Data extracted from a collection
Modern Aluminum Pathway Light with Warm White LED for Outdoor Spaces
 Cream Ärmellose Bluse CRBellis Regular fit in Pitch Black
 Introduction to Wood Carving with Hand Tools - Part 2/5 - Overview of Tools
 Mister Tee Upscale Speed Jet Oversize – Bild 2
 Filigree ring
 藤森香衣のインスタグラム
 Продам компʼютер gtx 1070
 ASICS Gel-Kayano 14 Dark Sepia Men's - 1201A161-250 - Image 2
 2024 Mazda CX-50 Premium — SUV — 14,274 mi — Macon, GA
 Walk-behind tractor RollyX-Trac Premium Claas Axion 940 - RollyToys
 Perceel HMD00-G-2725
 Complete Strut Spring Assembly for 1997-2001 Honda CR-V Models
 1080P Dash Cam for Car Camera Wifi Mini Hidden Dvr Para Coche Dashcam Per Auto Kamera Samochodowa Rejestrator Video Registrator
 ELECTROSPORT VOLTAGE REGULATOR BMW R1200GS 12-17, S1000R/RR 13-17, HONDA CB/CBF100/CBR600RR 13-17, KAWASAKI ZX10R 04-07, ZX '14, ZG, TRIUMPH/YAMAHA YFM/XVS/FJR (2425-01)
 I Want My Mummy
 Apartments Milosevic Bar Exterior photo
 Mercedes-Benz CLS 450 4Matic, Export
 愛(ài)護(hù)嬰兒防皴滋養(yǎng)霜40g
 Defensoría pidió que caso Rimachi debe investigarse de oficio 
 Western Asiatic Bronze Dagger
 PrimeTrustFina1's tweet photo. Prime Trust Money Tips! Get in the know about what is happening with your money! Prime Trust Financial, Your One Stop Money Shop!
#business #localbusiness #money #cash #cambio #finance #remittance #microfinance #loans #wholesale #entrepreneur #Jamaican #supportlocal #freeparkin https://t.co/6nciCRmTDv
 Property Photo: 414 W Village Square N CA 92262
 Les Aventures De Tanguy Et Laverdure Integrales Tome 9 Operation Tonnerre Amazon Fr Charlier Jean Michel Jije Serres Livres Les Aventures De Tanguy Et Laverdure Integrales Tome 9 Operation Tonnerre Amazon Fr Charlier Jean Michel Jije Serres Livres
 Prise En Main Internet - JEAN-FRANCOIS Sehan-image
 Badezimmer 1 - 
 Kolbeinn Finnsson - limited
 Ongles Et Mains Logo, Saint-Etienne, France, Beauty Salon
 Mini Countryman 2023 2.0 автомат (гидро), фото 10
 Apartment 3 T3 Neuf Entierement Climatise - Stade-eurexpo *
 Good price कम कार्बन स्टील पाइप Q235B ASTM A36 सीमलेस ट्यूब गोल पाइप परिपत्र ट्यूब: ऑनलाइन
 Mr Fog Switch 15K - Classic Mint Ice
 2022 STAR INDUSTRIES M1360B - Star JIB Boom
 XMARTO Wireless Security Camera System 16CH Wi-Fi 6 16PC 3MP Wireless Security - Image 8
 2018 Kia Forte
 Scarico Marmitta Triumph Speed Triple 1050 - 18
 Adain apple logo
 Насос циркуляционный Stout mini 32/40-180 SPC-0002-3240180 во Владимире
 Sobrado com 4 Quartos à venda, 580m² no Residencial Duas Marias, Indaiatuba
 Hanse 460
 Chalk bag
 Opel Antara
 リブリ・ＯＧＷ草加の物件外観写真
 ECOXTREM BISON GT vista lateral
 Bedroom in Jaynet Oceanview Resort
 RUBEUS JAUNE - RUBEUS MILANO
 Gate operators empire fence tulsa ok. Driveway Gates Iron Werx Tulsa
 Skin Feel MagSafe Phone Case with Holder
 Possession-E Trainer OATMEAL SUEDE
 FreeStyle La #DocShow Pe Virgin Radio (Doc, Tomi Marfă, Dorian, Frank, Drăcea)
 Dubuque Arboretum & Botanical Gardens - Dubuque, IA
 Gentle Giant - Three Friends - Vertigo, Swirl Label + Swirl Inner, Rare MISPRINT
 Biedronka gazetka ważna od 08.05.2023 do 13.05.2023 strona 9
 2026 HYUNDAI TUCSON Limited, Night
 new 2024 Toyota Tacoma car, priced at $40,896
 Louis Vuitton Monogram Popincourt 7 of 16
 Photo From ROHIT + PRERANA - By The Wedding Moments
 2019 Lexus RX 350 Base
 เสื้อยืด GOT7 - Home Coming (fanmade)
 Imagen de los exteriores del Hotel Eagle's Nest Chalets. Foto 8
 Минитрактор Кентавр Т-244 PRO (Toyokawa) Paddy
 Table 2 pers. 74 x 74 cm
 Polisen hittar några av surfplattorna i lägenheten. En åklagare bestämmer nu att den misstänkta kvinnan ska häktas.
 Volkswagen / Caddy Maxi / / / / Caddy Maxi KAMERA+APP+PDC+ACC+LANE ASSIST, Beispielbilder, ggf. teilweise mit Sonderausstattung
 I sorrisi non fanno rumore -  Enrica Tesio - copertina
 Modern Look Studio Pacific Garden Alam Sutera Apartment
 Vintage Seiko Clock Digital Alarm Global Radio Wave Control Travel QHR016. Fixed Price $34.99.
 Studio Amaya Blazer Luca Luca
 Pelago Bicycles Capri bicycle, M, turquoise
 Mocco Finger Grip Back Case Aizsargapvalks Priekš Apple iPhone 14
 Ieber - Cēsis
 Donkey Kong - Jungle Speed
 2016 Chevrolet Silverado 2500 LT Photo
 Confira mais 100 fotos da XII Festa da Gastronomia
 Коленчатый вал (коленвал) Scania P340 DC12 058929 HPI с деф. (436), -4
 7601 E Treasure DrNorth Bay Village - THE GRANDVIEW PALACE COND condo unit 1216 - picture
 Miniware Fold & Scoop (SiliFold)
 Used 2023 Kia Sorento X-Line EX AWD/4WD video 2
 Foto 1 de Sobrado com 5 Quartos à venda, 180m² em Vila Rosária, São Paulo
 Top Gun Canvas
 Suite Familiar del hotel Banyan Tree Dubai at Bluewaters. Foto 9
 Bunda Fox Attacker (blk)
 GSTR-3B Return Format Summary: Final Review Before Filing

Work item
Please reply with an exact copy of the lines above, starting at the first and ending at the line that holds "ELECTROSPORT VOLTAGE REGULATOR".

Exercise result
Modern Aluminum Pathway Light with Warm White LED for Outdoor Spaces
 Cream Ärmellose Bluse CRBellis Regular fit in Pitch Black
 Introduction to Wood Carving with Hand Tools - Part 2/5 - Overview of Tools
 Mister Tee Upscale Speed Jet Oversize – Bild 2
 Filigree ring
 藤森香衣のインスタグラム
 Продам компʼютер gtx 1070
 ASICS Gel-Kayano 14 Dark Sepia Men's - 1201A161-250 - Image 2
 2024 Mazda CX-50 Premium — SUV — 14,274 mi — Macon, GA
 Walk-behind tractor RollyX-Trac Premium Claas Axion 940 - RollyToys
 Perceel HMD00-G-2725
 Complete Strut Spring Assembly for 1997-2001 Honda CR-V Models
 1080P Dash Cam for Car Camera Wifi Mini Hidden Dvr Para Coche Dashcam Per Auto Kamera Samochodowa Rejestrator Video Registrator
 ELECTROSPORT VOLTAGE REGULATOR BMW R1200GS 12-17, S1000R/RR 13-17, HONDA CB/CBF100/CBR600RR 13-17, KAWASAKI ZX10R 04-07, ZX '14, ZG, TRIUMPH/YAMAHA YFM/XVS/FJR (2425-01)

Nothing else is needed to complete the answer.